Existindo em um mundo inexistente
Não venta lá fora, mas
aqui dentro já saiu tudo do lugar. Sabe quando a gente volta de viagem e encontra
tudo revirado de quando estávamos fazendo as malas? Daí a mala foi enchendo e
não coube tudo, então você deixa ali mesmo. Voltar de viagem é como acordar de
um sonho e se perguntar "onde estou?" nem que seja por alguns
segundos.
Hoje eu me pergunto onde
estou, mas não dura poucos segundos. Dura horas. Dias. Semanas. E ainda não tenho
resposta. Olho para fora, através do vidro da porta, e me pergunto quando
foi que começou e ninguém percebeu. O desamor. A desatenção. A desilusão. O
desafeto. A desconsideração.
A
De
su
ma
ni
da
de.
Hoje o mundo inteiro fala
e vive uma quarentena, mas, para mim, não está diferente do que a gente já
vinha fazendo por debaixo dos panos. Nós vivíamos isolados uns dos outros,
sempre com tanto peso nas costas que ficou impossível enxergar o peso dos
outros. Ninguém quer carregar mais peso, ninguém quer o peso de
ninguém.
E no ar parece até haver
toxinas que deprimem, que desaceleram, que descumprem as leis básicas da
cidadania humana..., mas só hoje é que alguém percebeu. E ainda há os
que não fazem nada. Ainda há os mesmos que antes não viram e que ainda não
querem ver.
O mais certo é que
estejam fingindo não ver.
Sabe, tô cansada de
existir em um mundo inexistente. Inexistente do mínimo possível para ser chamado
de gente: empatia, amor, respeito, humanidade. Se meu telhado é de vidro
e eu não quero que quebre, jamais poderei jogar pedra no dos outros, isso é uma
regra que nossas mães sempre tentaram ensinar.
Mas muitos parecem não
ter aprendido.
Eu não sei mais o que é
existir quando há um mundo inteiro lá fora desmoronando como peças de um
quebra-cabeça que ninguém teve a coragem de consertar quando ainda havia tempo.

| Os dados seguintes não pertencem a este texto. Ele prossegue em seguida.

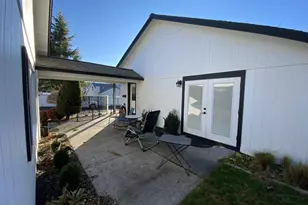 3555 Southvillage Dr, Medford, OR 97504 - Photo 7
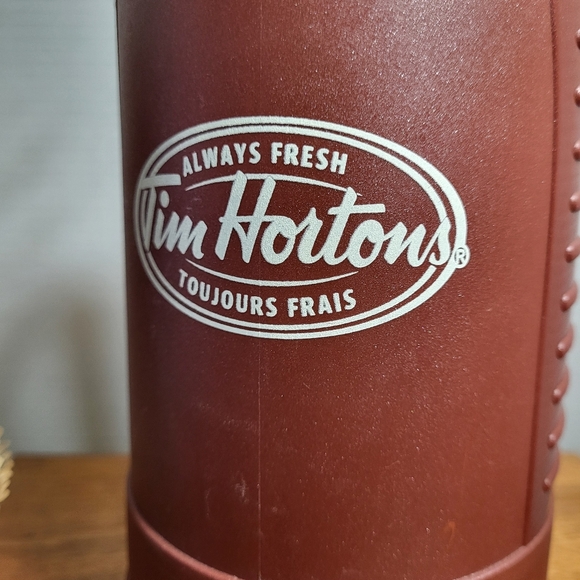 Vintage Tim Hortons 1 Litre Thermos with 2 Drinking Cups - Picture 3 of 16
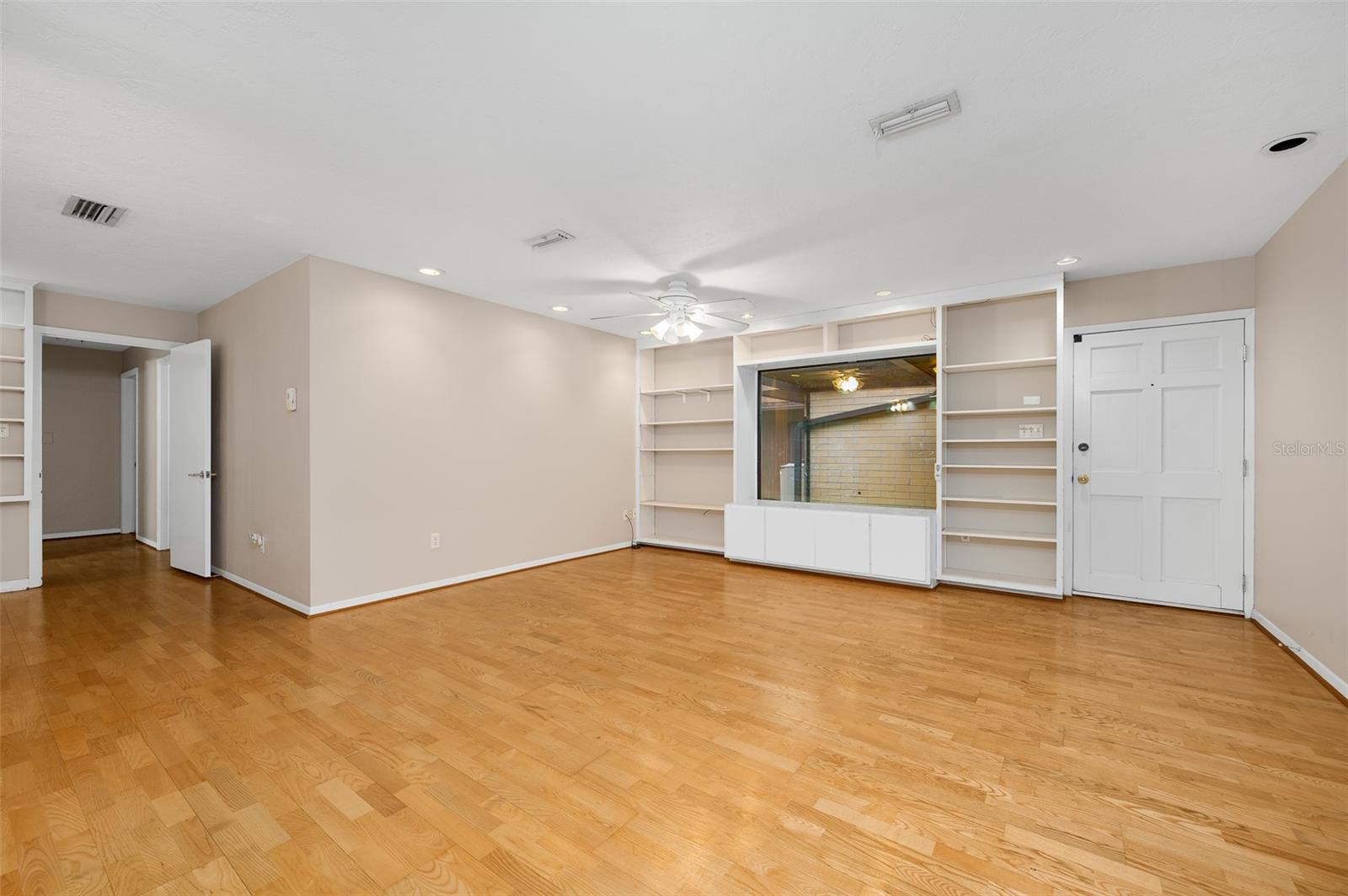 UNIVERSITY ACRES - Residential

Hoje o tempo corre... Tanto que não há relógio que possa mensurar
quanto tempo ainda temos.
No entanto, com toda
minha sinceridade, desejo que ainda possamos virar o jogo. E, além de acabar
com o que está ameaçando acabar com o mundo inteiro, que possamos acabar com
o que a gente se tornou por esquecer o que é ser gente.